Reports in the New York Times claim that several banks, including Citibank, JPMorgan Chase and Barclays have agreed to pay in excess of $10 billion to regulators globally to settle charges of Libor-rigging. In the current trial in New York, the judge, Jed S. Rakoff, has disallowed prosecutors from referring to the $1 billion paid by Rabobank as a settlement in a Libor-related case.
Earlier this year, Tom Hayes, a former UBS and Citigroup trader, was convicted by a London court of conspiring with others to influence Libor rates. He has been sentenced to 14 years in prison but has appealed against the judgement. Six former brokers accused of helping Tom Hayes are currently standing trial in London.

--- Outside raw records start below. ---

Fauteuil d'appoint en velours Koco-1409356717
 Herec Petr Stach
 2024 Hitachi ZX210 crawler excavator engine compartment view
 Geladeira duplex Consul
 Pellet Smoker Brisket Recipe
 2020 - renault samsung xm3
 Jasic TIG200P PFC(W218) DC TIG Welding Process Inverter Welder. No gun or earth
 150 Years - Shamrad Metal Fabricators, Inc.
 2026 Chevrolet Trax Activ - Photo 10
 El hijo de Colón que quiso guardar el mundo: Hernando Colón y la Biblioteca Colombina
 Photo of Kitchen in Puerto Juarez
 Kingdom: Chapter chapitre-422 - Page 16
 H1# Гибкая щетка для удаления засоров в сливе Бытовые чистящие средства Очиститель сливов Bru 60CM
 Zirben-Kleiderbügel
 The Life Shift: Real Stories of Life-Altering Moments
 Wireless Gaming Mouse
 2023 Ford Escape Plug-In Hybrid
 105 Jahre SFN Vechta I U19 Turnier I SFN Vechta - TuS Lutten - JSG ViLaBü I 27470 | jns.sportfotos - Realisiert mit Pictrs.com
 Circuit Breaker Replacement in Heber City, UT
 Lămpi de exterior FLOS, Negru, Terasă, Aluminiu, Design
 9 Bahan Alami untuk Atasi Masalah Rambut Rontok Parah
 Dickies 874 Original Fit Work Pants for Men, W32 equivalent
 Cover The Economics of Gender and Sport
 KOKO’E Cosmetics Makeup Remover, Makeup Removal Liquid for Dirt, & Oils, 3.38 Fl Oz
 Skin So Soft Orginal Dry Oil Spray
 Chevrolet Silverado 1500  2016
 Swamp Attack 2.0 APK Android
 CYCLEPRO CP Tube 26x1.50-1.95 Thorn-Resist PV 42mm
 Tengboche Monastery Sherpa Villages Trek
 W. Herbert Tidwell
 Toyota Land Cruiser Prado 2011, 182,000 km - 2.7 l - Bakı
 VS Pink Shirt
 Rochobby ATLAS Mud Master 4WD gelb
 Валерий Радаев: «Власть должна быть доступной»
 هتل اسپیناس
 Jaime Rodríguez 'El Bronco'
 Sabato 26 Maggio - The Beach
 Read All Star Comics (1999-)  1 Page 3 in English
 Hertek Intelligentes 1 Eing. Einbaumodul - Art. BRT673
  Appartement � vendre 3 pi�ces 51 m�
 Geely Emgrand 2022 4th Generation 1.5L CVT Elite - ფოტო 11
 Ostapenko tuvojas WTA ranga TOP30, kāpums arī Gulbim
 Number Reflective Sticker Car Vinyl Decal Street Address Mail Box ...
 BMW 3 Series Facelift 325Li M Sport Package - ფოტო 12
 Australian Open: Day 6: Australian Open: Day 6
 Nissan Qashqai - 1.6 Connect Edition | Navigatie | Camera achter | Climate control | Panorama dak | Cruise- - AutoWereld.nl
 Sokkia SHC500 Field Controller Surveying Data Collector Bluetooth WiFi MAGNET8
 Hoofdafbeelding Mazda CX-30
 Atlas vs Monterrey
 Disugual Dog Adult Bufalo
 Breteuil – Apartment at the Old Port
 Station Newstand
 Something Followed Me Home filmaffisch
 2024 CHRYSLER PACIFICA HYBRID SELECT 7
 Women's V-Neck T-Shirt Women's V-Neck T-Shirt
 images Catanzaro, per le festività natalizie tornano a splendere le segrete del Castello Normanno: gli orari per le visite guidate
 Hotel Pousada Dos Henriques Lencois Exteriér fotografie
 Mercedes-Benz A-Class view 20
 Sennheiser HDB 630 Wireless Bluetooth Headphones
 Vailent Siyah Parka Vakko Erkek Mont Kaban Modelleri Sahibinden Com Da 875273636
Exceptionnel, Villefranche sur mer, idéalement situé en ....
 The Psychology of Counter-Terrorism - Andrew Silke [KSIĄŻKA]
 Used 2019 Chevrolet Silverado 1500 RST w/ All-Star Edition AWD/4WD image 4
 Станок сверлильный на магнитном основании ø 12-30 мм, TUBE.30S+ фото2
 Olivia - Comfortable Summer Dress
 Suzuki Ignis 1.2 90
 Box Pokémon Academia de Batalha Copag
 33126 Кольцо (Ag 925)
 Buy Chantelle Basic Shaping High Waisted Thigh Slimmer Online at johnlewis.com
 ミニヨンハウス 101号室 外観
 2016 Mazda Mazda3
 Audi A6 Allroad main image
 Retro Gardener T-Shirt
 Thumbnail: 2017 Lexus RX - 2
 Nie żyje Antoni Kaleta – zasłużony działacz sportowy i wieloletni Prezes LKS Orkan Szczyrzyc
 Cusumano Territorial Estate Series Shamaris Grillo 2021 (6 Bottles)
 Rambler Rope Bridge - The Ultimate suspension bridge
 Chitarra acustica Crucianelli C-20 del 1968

Libor is set on the basis of rates submitted by a group of banks for 10 currencies covering 15 different lengths of loan, ranging from overnight to 12 months.
The most important rate is the three-month dollar Libor. In the on-going trial in New York, Anthony Allen’s lawyer mocked the prosecution’s expert witness, Lawrence E. Harris, former chief economist at the Securities and Exchange Commission, for his answer to a question that suggested that Libor submission procedures weren’t well understood even by bank traders and experts.
Roy Futterman, a jury consultant, holds the view that it will be difficult for the prosecution to get a conviction because of the complexity and subjectivity of Libor submission procedures.
After the Libor-rigging scandal, the British government commissioned a major review of Libor procedures. Oversight of Libor is now with the Intercontinental Exchange, rates are based on actual transactions and there are specific criminal charges for manipulation of rates.